→ Task to complete: Write every entry out again with no changes, and leave the images behind.

→ Data supplied:
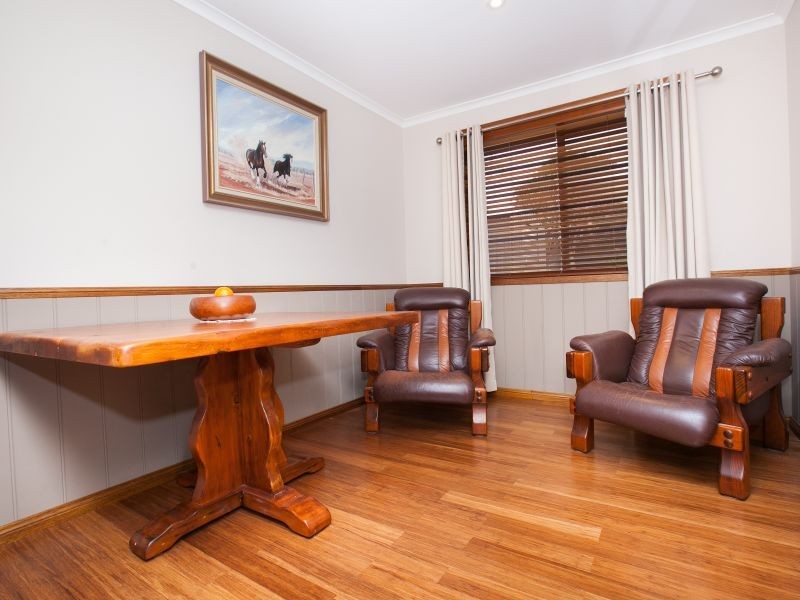 12 Twamley Crescent, Richardson ACT 2905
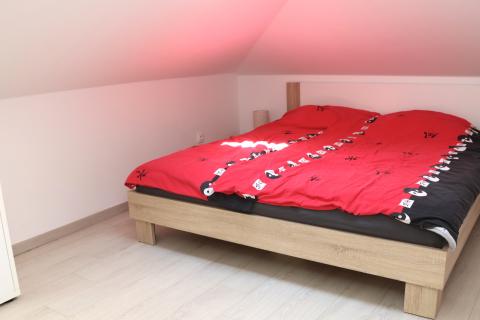 Appartamento Poreč, 120m2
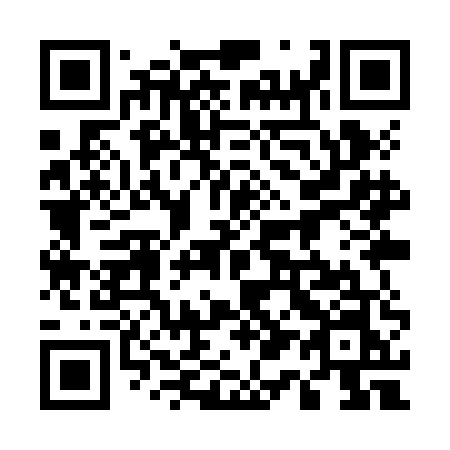 QR code for 519ZEN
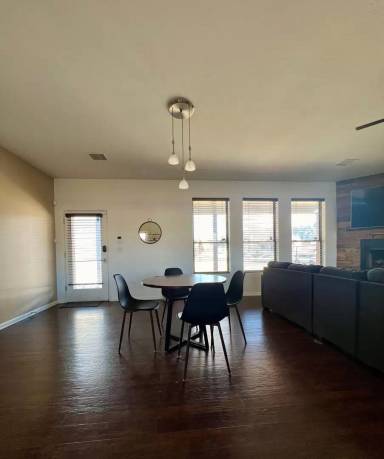 Main picture of 4321 N Lone Cactus Dr
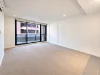 2202/80 A'beckett St, Melbourne, Vic 3000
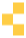 640 (1).gif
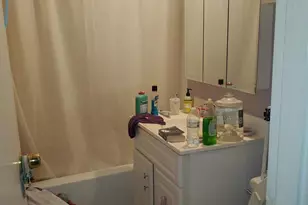 100 Pierson Miller Dr F15, Pompton Lakes, NJ 07442 - Photo 8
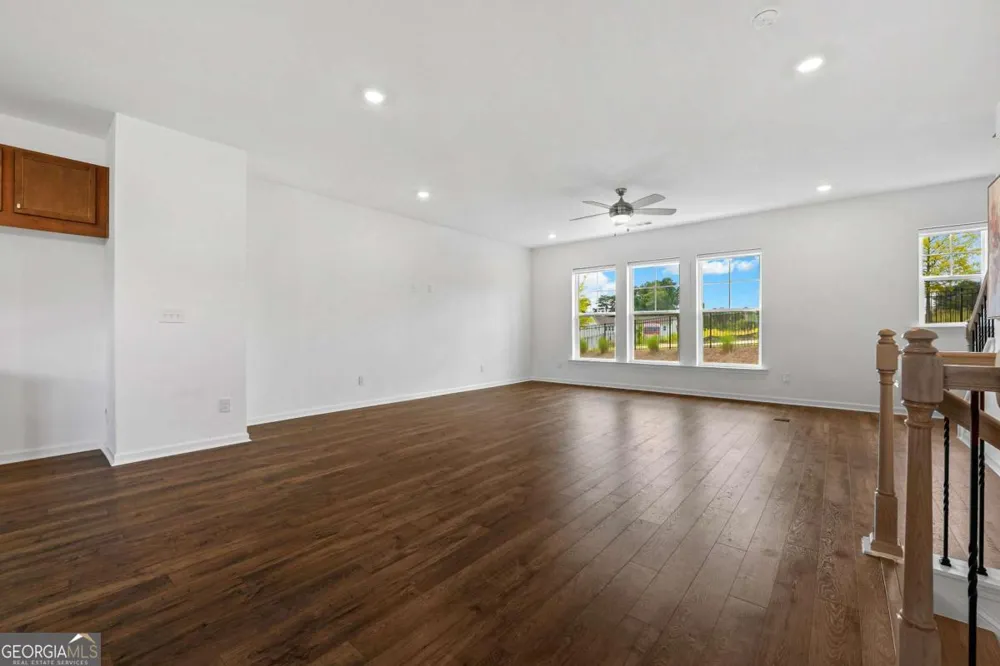 218 Maycrest Path Tucker, GA 30084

→ Output of the exercise:
 12 Twamley Crescent, Richardson ACT 2905
 Appartamento Poreč, 120m2
 QR code for 519ZEN
 Main picture of 4321 N Lone Cactus Dr
 2202/80 A'beckett St, Melbourne, Vic 3000
 640 (1).gif
 100 Pierson Miller Dr F15, Pompton Lakes, NJ 07442 - Photo 8
 218 Maycrest Path Tucker, GA 30084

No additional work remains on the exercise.